Your instructions: An exact copy of the listing below is the answer, with the pictures removed.

Record excerpts:
━━━━━━━━━━━━━━━━

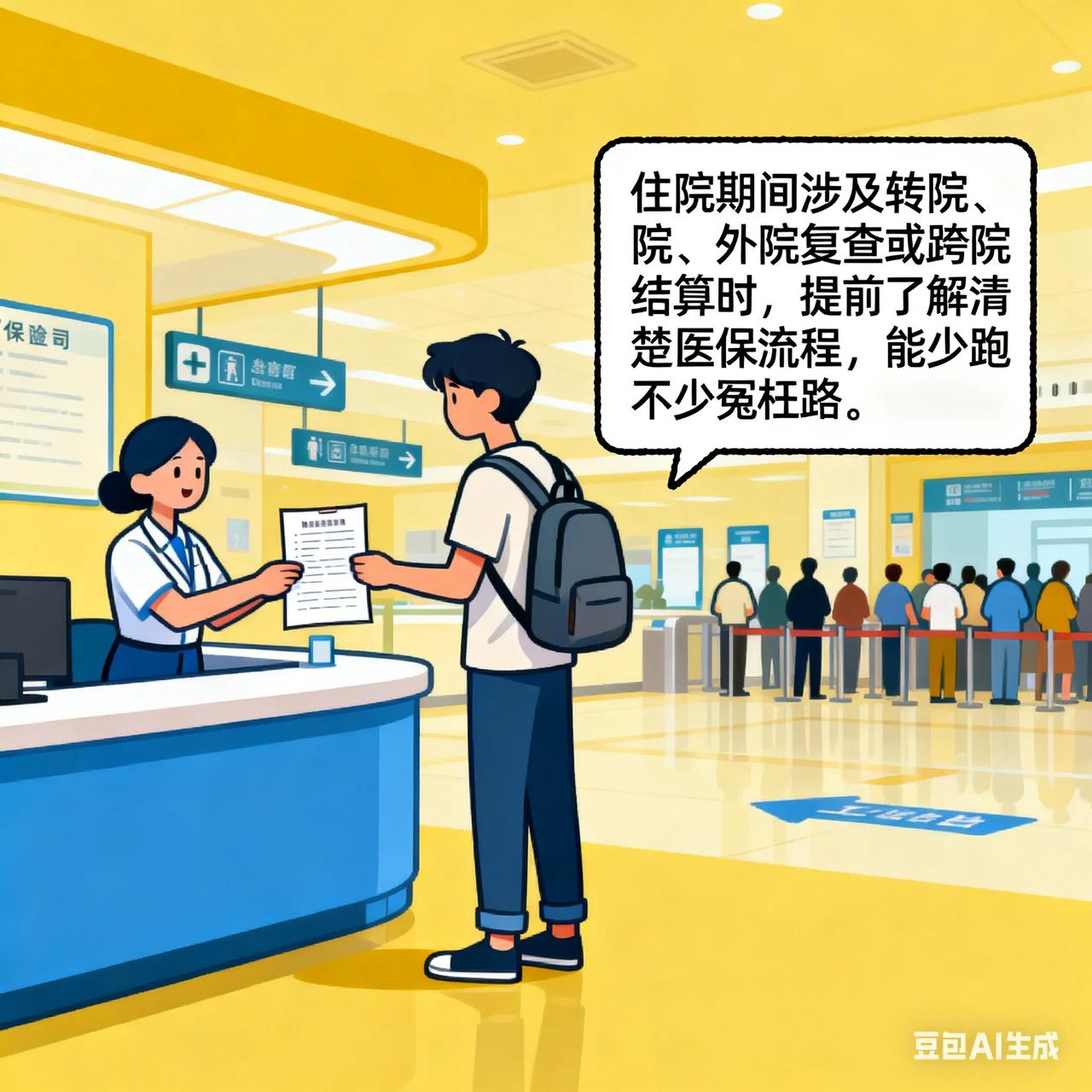 住院转院、复查的医保“门道”，这些细节要记牢“想转去别的医院复查，得先在这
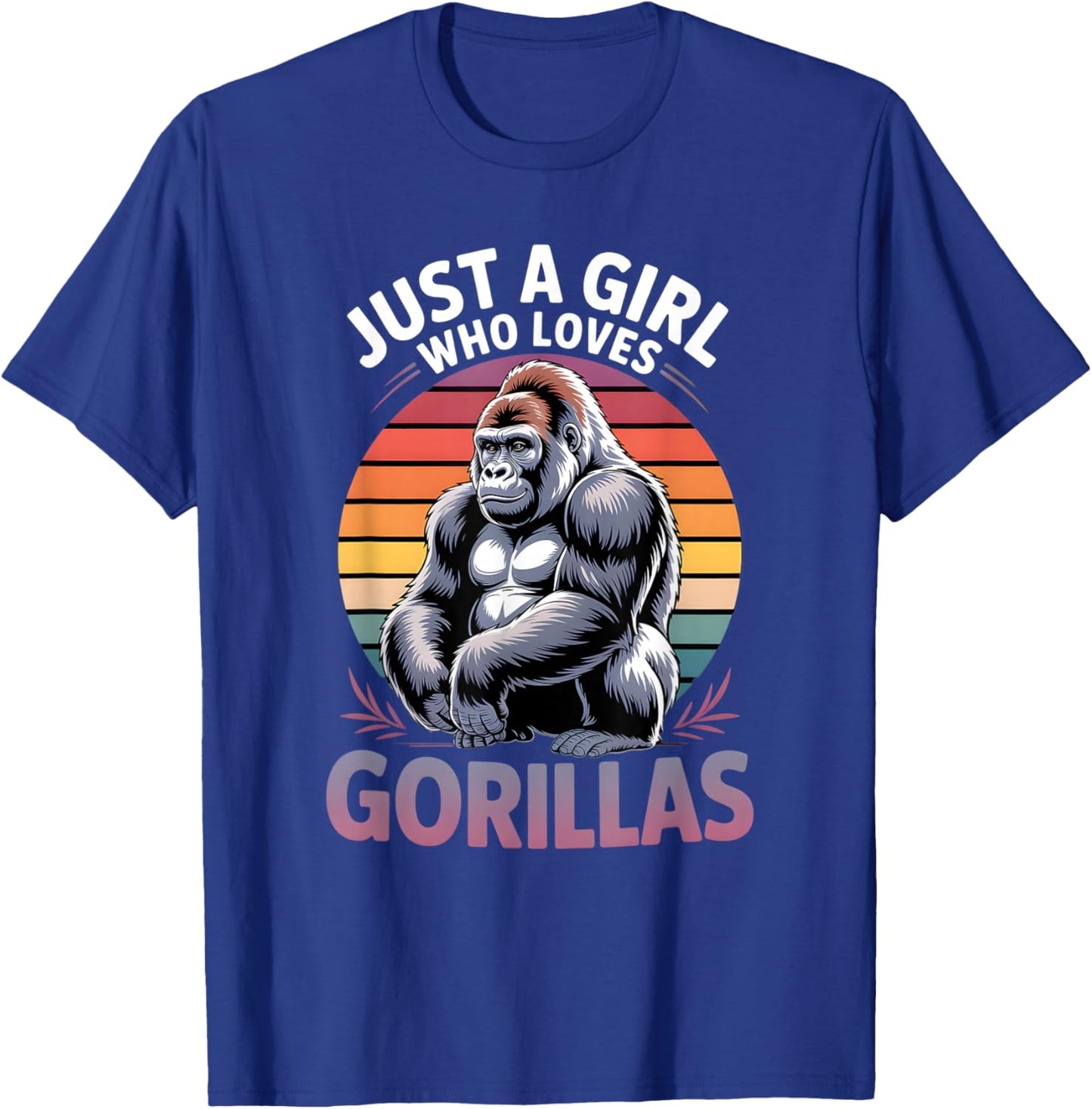 Girls Gorilla T-Shirt - T-Shirt | Royal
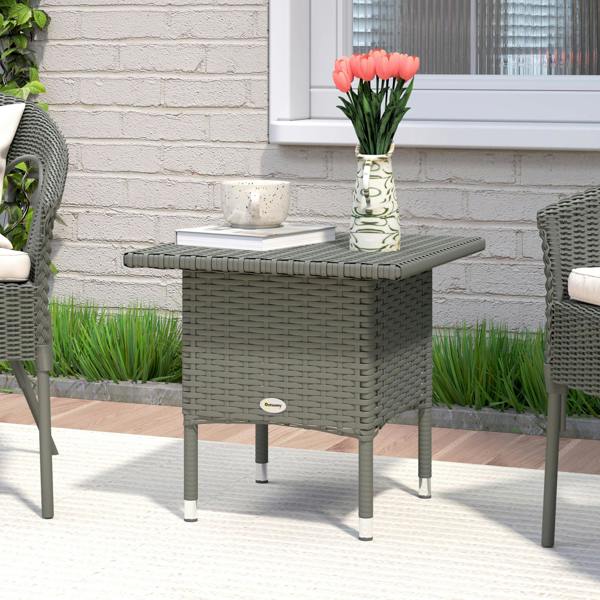 Rattan Side Table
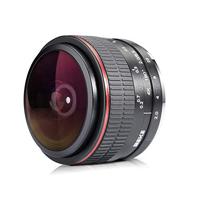 Meike Optics MK 6,5 mm f2.0 Fisheye lens ultragroothoek voor MFT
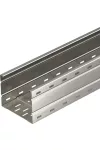 OBO 6098577 WKSG 165 VA 4301 Nagyfesztávú Kábeltálca perforált, fenékbordával 160x500x6000mm rozsdamentes acél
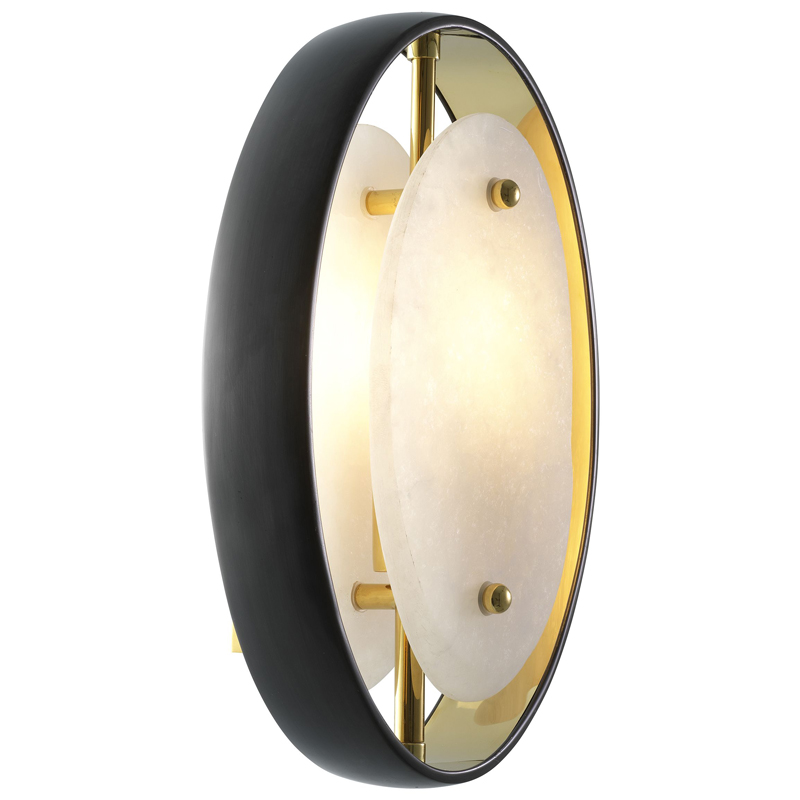 Бра Eichholtz Wall Lamp Trissoni Глянцевое золото Прозрачный Белый Бра Eichholtz Wall Lamp Trissoni Глянцевое золото Прозрачный Белый во Владивостоке | Loft Concept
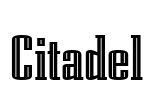 Citadel Font Image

━━━━━━━━━━━━━━━━

Worked solution:
 住院转院、复查的医保“门道”，这些细节要记牢“想转去别的医院复查，得先在这
 Girls Gorilla T-Shirt - T-Shirt | Royal
 Rattan Side Table
 Meike Optics MK 6,5 mm f2.0 Fisheye lens ultragroothoek voor MFT
 OBO 6098577 WKSG 165 VA 4301 Nagyfesztávú Kábeltálca perforált, fenékbordával 160x500x6000mm rozsdamentes acél
 Бра Eichholtz Wall Lamp Trissoni Глянцевое золото Прозрачный Белый Бра Eichholtz Wall Lamp Trissoni Глянцевое золото Прозрачный Белый во Владивостоке | Loft Concept
 Citadel Font Image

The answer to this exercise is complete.